What you are asked to do:
Repeat exactly the lines below from the line that contains "Acunny 10 St" to the last line, inclusive, without the pictures.

Data provided:
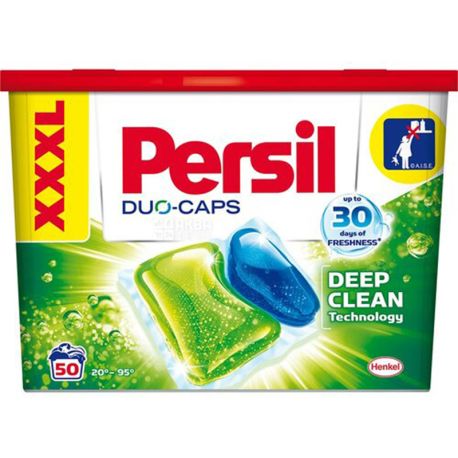 Persil, Duo-Caps, 50 шт., Капсули для прання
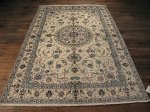 SIL343 5X8 FINE PERSIAN NAIN RUG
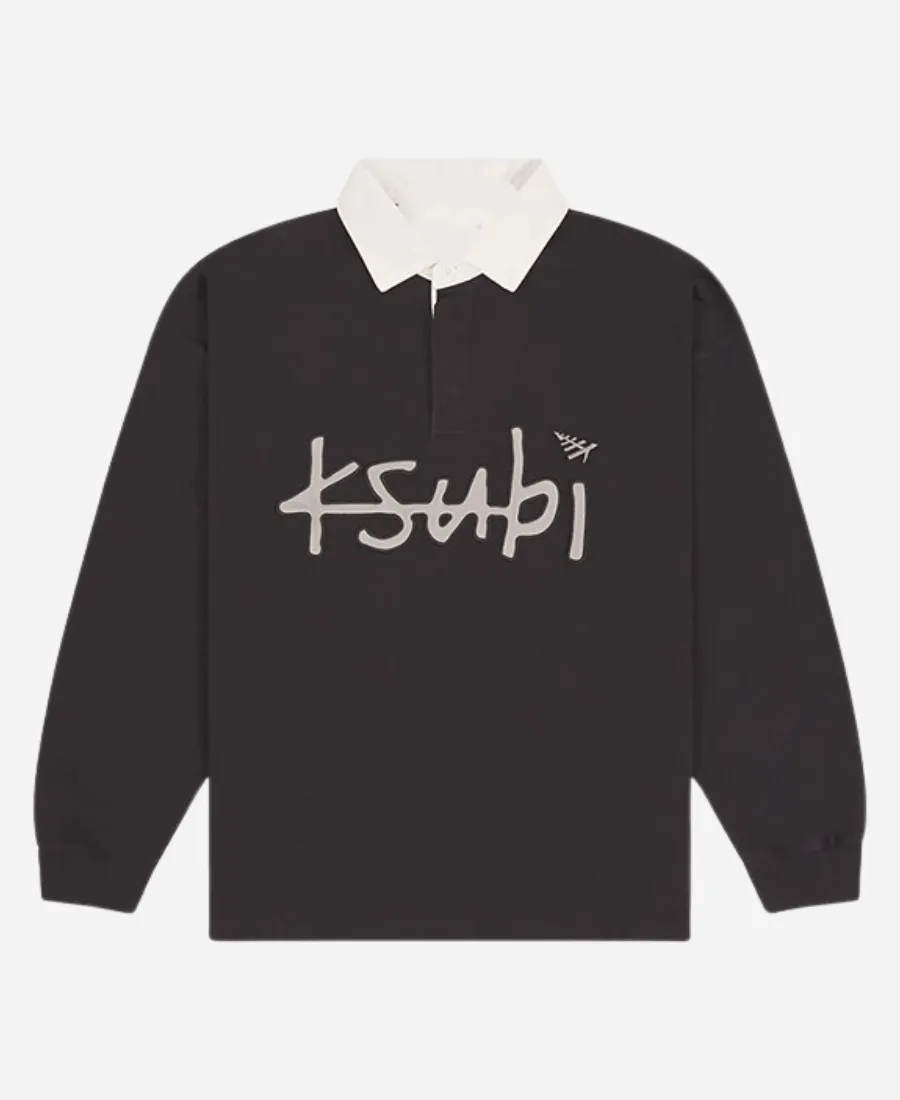 Unisex Ksubi x Planes Rugby 2026 Sweatshirt Unisex Ksubi x Planes Rugby 2026 Black Sweatshirt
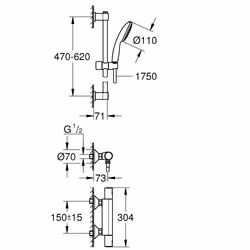 GROHE Precision Start Chrome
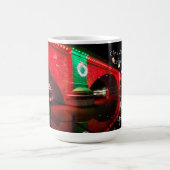 クリスマスカラーのロンドンブリッジ コーヒーマグカップ (中央)
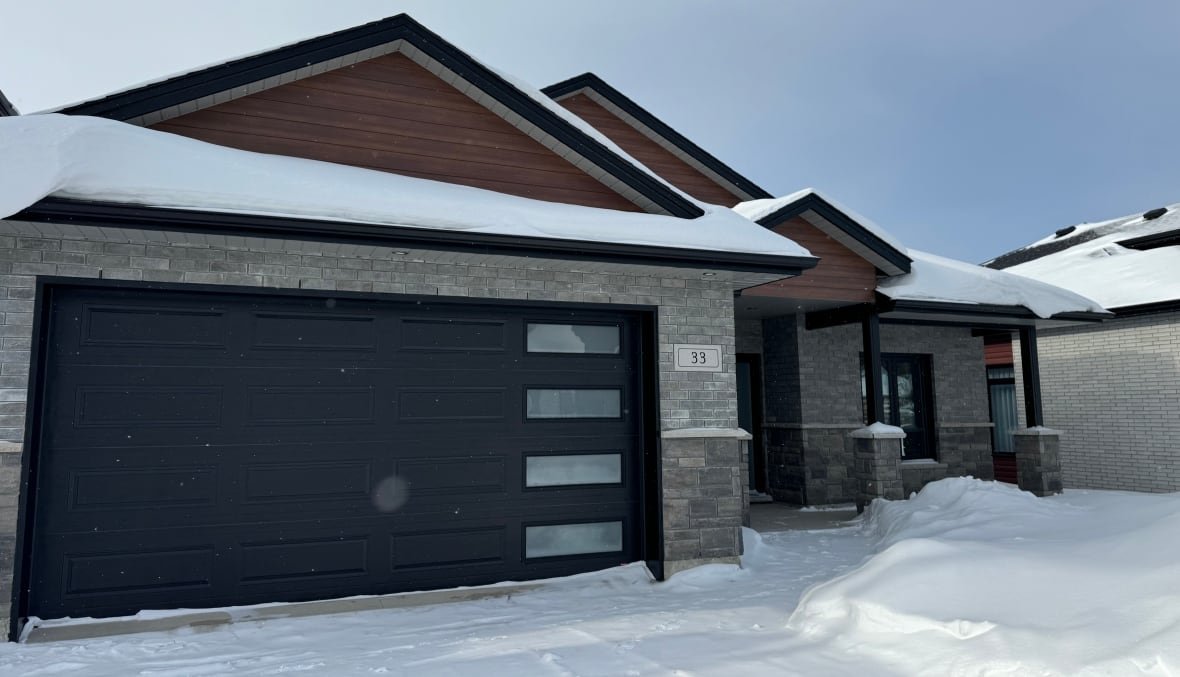 A new house in the winter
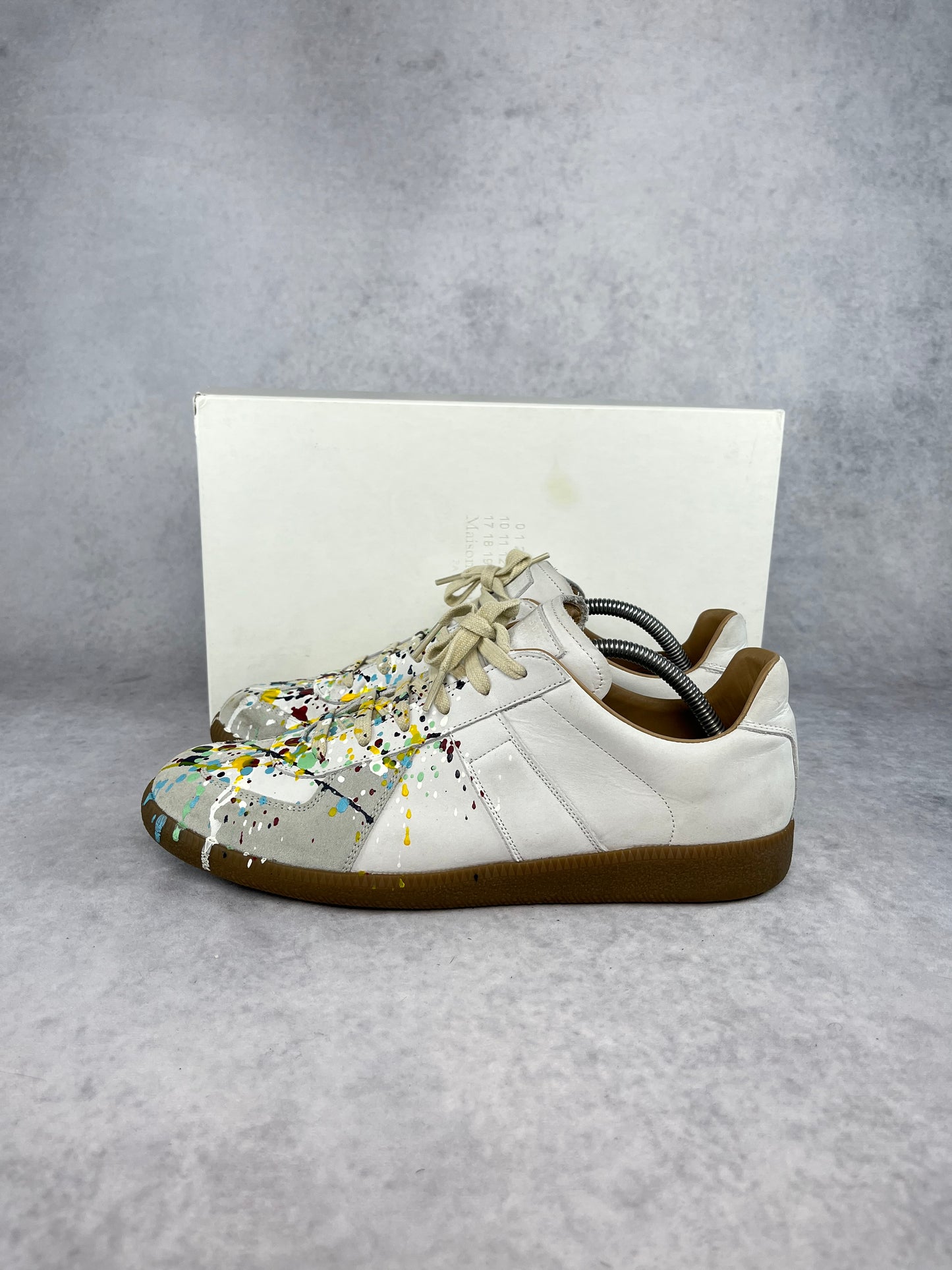 Maison Margiela paint splatter sneaker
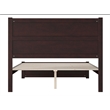 AFI NoHo Solid Wood Twin Bed with Footboard in White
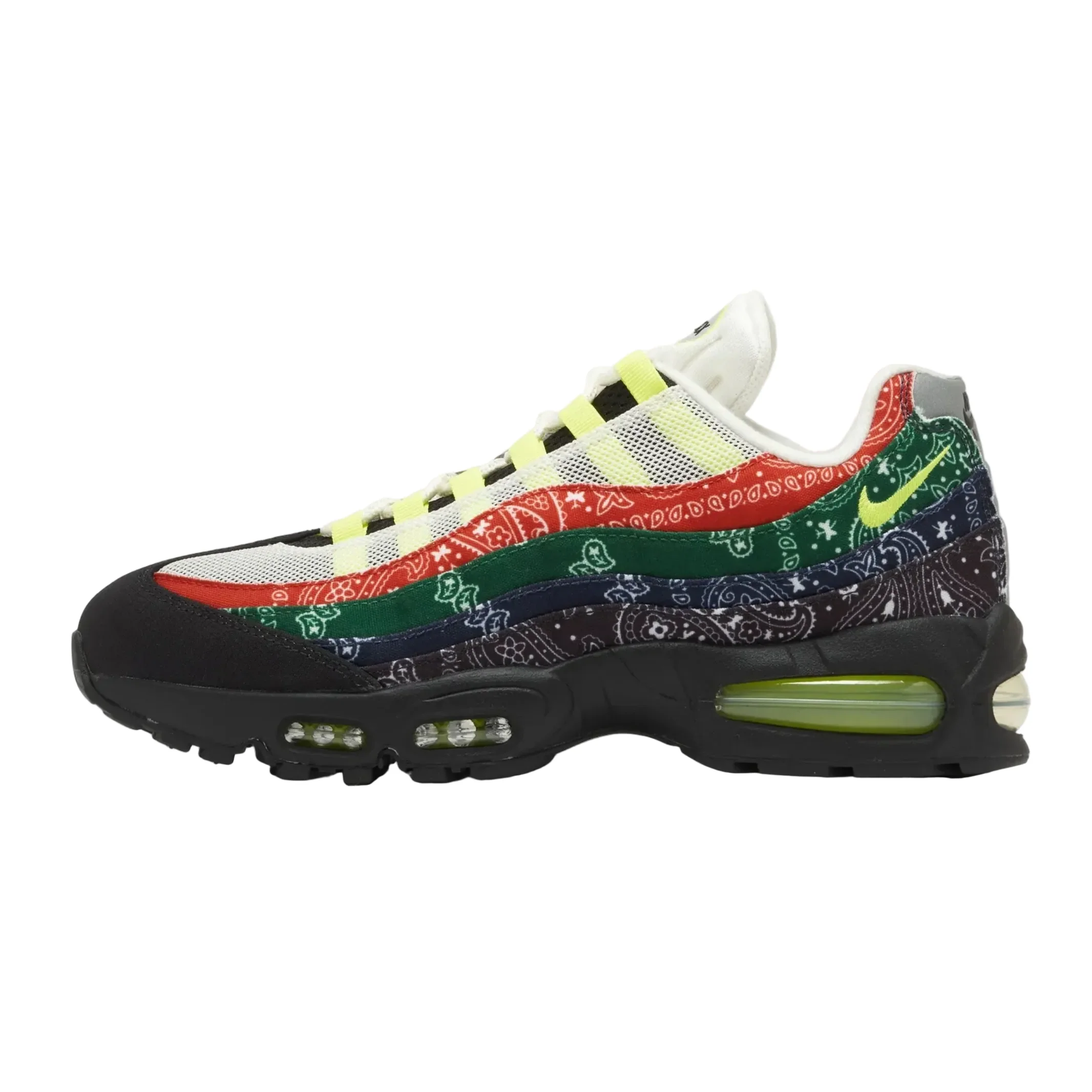 Nike Air Max 95 OG Big Bubble Neon Paisley Bandana - Image 2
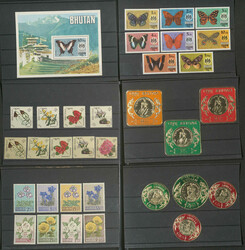BHUTAN - sauberer ** Bestand auf Steckkarten mit vielen guten ...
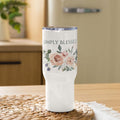 Christian Floral Travel Mug | Simply Blessed Coffee Tumbler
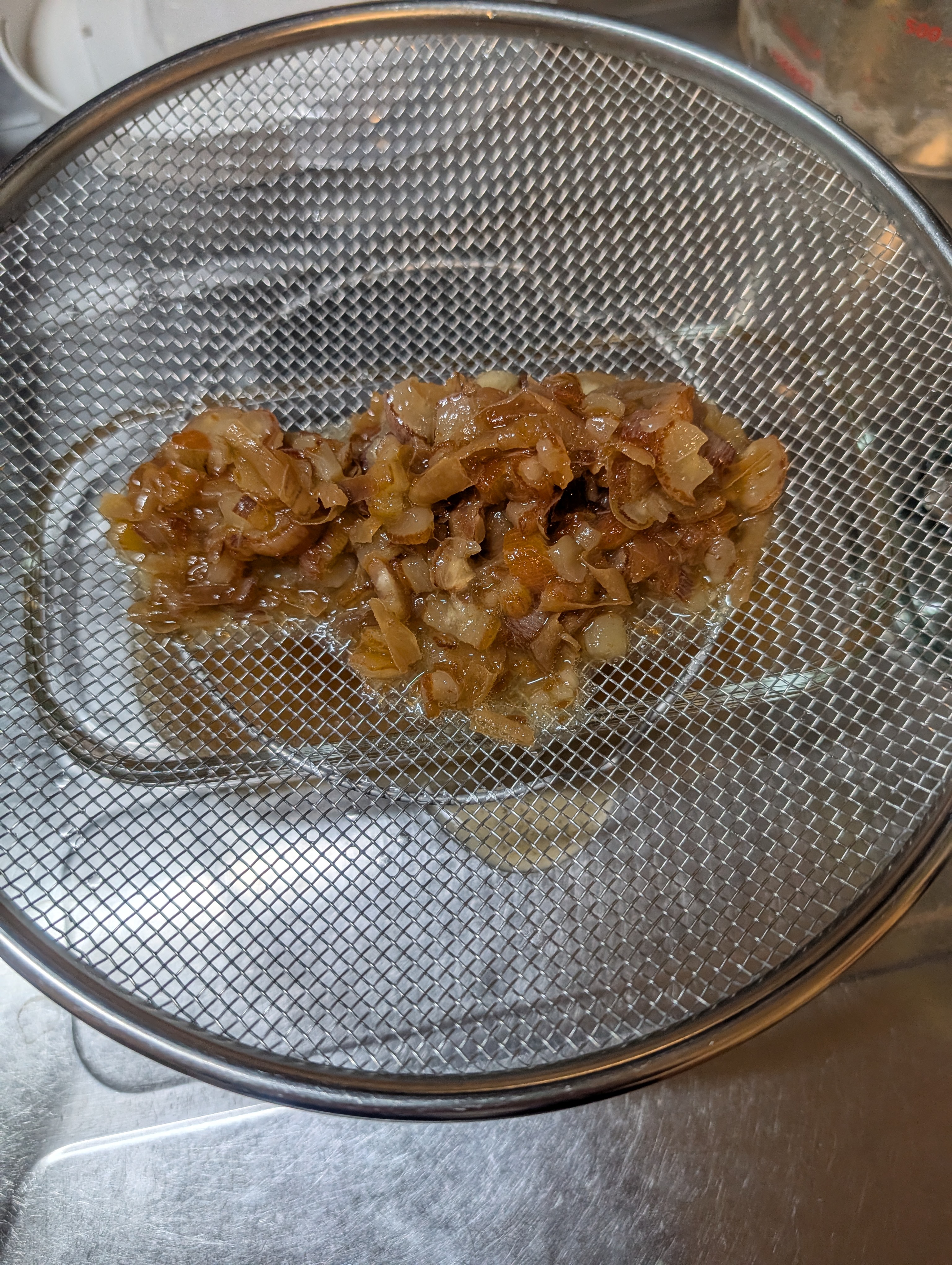 Dates on a strainer, day four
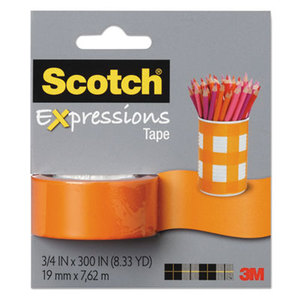 Expressions Magic Tape, 3/4" x 300", Orange by 3M/COMMERCIAL TAPE DIV.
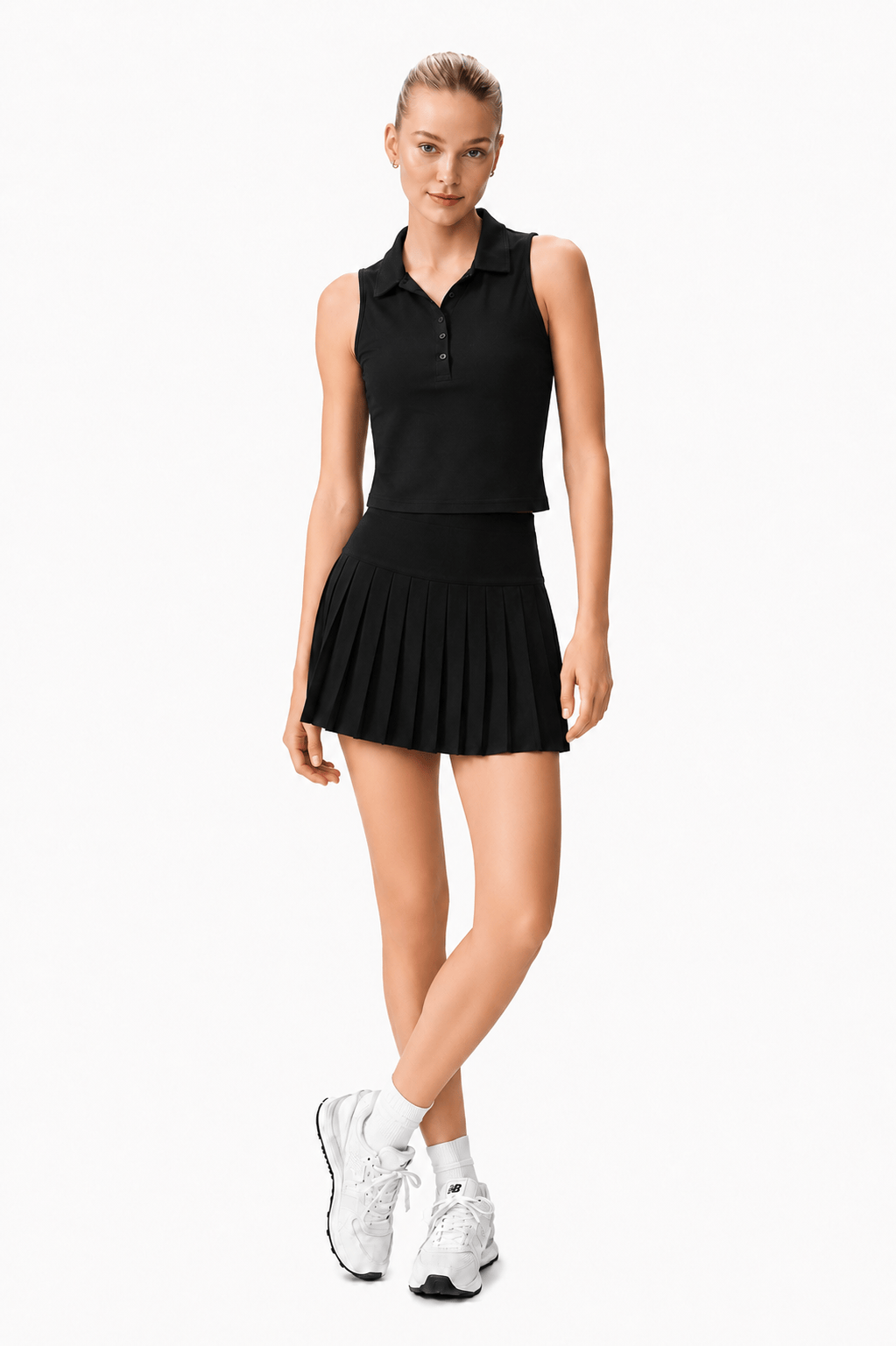 Lexy Organic Cotton Polo Tank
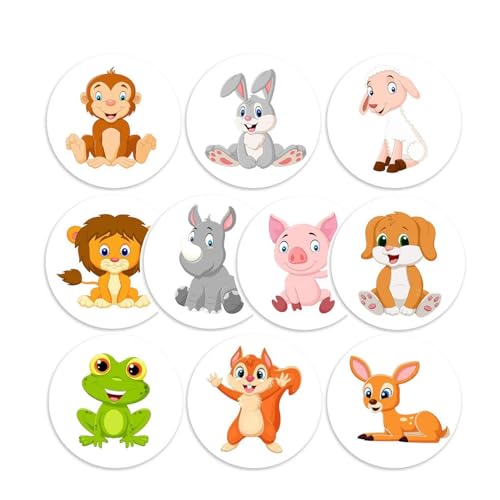 Acunny 10 St Lehrer Sticker Motivationssticker Tieraufkleber Für Kinder,Sticker Schule,Belohnungsaufkleber Tier Lehrerbedarf Reward Sticker Kinder Belobigung Sticker Für Schule Zuhause von Acunny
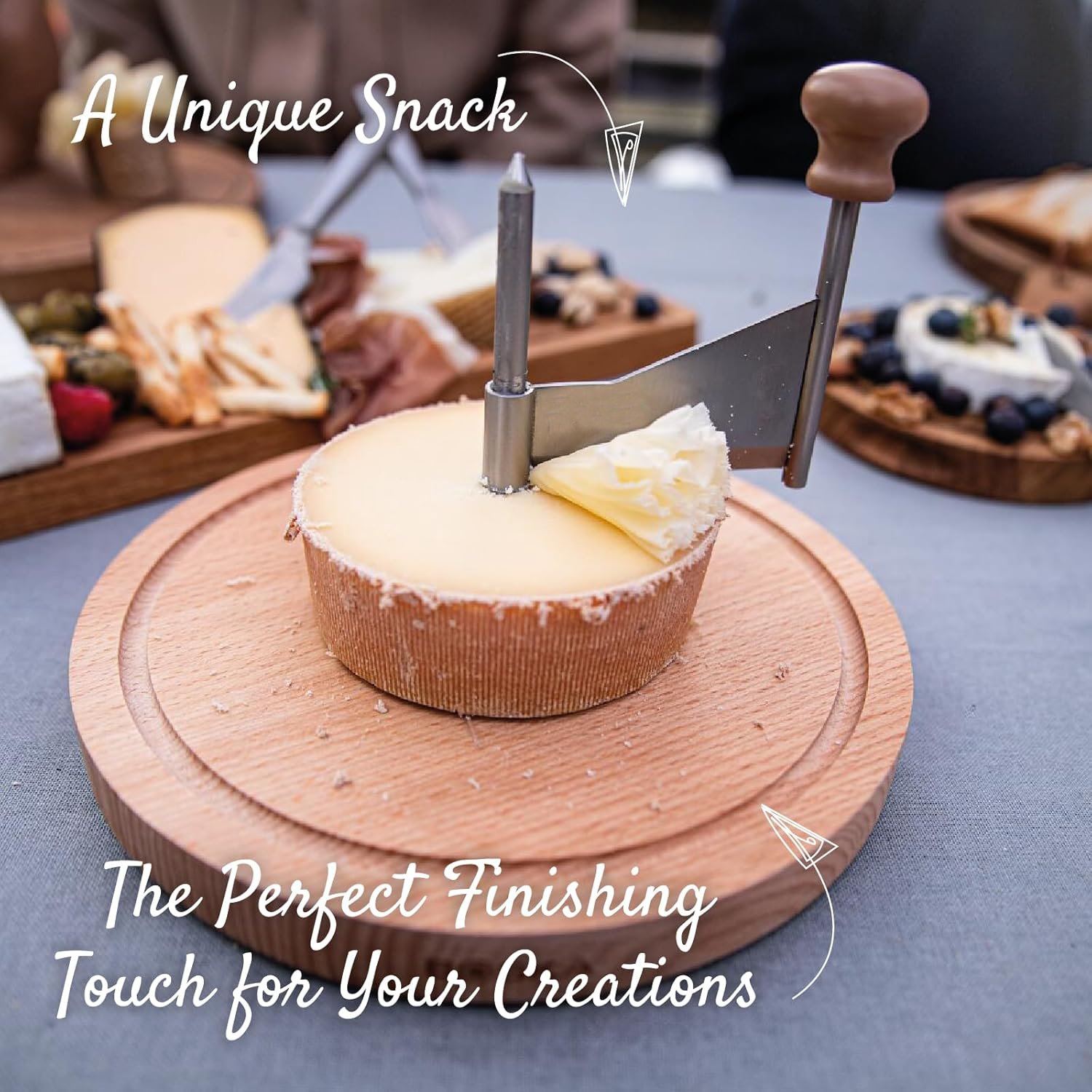 🎁TikTok Last Day Sale - 70% OFF🔥Cheese Curler Wheel - Stainless Steel Cheese Shaver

Task output:
 Acunny 10 St Lehrer Sticker Motivationssticker Tieraufkleber Für Kinder,Sticker Schule,Belohnungsaufkleber Tier Lehrerbedarf Reward Sticker Kinder Belobigung Sticker Für Schule Zuhause von Acunny
 🎁TikTok Last Day Sale - 70% OFF🔥Cheese Curler Wheel - Stainless Steel Cheese Shaver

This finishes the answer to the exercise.